▸ Problem statement:
Reproduce the material that follows, please, but only from its first line to the line containing "It is a complete", inclusive.
─── Dataset entries ───
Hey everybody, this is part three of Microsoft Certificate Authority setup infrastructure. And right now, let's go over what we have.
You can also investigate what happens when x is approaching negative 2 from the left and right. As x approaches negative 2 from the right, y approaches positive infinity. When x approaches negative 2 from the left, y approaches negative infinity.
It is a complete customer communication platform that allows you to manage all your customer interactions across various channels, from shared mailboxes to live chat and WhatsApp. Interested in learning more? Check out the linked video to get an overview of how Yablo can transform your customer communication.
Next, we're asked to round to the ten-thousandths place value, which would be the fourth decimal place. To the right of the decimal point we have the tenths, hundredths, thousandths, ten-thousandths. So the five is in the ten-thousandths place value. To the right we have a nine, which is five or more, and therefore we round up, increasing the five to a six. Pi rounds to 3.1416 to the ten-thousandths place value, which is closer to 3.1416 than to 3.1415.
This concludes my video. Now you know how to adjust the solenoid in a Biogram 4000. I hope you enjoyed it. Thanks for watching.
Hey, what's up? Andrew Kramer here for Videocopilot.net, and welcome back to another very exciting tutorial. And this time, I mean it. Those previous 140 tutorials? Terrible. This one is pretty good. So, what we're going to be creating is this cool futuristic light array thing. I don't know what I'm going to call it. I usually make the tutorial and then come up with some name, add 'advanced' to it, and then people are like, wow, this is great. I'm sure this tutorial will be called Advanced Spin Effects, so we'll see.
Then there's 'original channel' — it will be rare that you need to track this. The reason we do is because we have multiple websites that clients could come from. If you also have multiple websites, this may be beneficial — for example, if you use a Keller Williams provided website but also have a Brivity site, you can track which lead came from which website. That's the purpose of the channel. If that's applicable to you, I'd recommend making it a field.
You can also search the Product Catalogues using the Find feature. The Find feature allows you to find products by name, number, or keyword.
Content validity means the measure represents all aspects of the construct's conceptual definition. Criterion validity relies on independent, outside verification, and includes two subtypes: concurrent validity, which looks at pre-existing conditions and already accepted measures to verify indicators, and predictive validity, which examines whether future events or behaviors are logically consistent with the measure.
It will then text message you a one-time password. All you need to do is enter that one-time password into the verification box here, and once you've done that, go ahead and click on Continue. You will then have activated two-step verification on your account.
───
▸ Worked solution:
Hey everybody, this is part three of Microsoft Certificate Authority setup infrastructure. And right now, let's go over what we have.
You can also investigate what happens when x is approaching negative 2 from the left and right. As x approaches negative 2 from the right, y approaches positive infinity. When x approaches negative 2 from the left, y approaches negative infinity.
It is a complete customer communication platform that allows you to manage all your customer interactions across various channels, from shared mailboxes to live chat and WhatsApp. Interested in learning more? Check out the linked video to get an overview of how Yablo can transform your customer communication.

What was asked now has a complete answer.